## Dataset
============

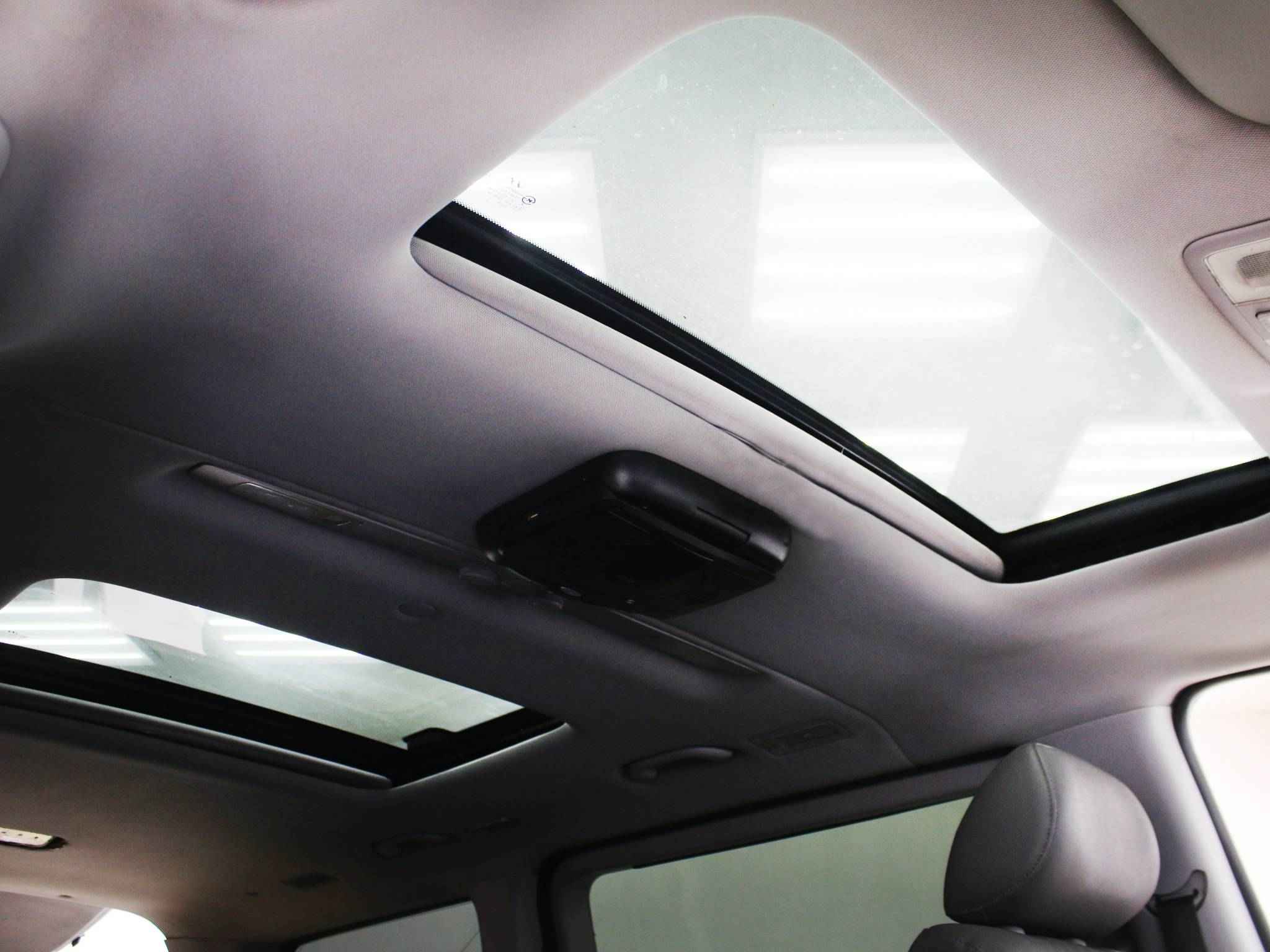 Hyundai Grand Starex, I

============

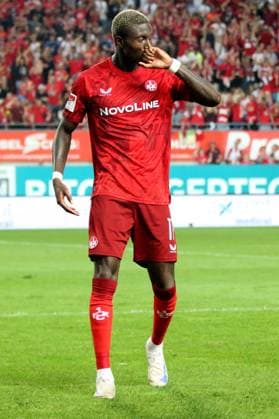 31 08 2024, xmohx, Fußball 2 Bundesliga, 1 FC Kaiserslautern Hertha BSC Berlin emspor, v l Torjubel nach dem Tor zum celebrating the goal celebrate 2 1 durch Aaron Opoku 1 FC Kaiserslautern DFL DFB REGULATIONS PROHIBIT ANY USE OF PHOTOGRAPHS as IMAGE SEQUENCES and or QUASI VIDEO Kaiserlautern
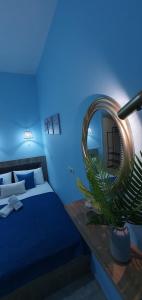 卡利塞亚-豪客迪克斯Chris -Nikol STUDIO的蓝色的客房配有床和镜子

============

## Instructions to follow
Beginning with the line above that contains "31 08 2024, xmohx, Fußball" and ending with the line that contains "卡利塞亚-豪客迪克斯Chris -Nikol STUDIO的蓝色的客房配有床和镜子", quote each line exactly, keeping out the pictures.

## Final answer
 31 08 2024, xmohx, Fußball 2 Bundesliga, 1 FC Kaiserslautern Hertha BSC Berlin emspor, v l Torjubel nach dem Tor zum celebrating the goal celebrate 2 1 durch Aaron Opoku 1 FC Kaiserslautern DFL DFB REGULATIONS PROHIBIT ANY USE OF PHOTOGRAPHS as IMAGE SEQUENCES and or QUASI VIDEO Kaiserlautern
 卡利塞亚-豪客迪克斯Chris -Nikol STUDIO的蓝色的客房配有床和镜子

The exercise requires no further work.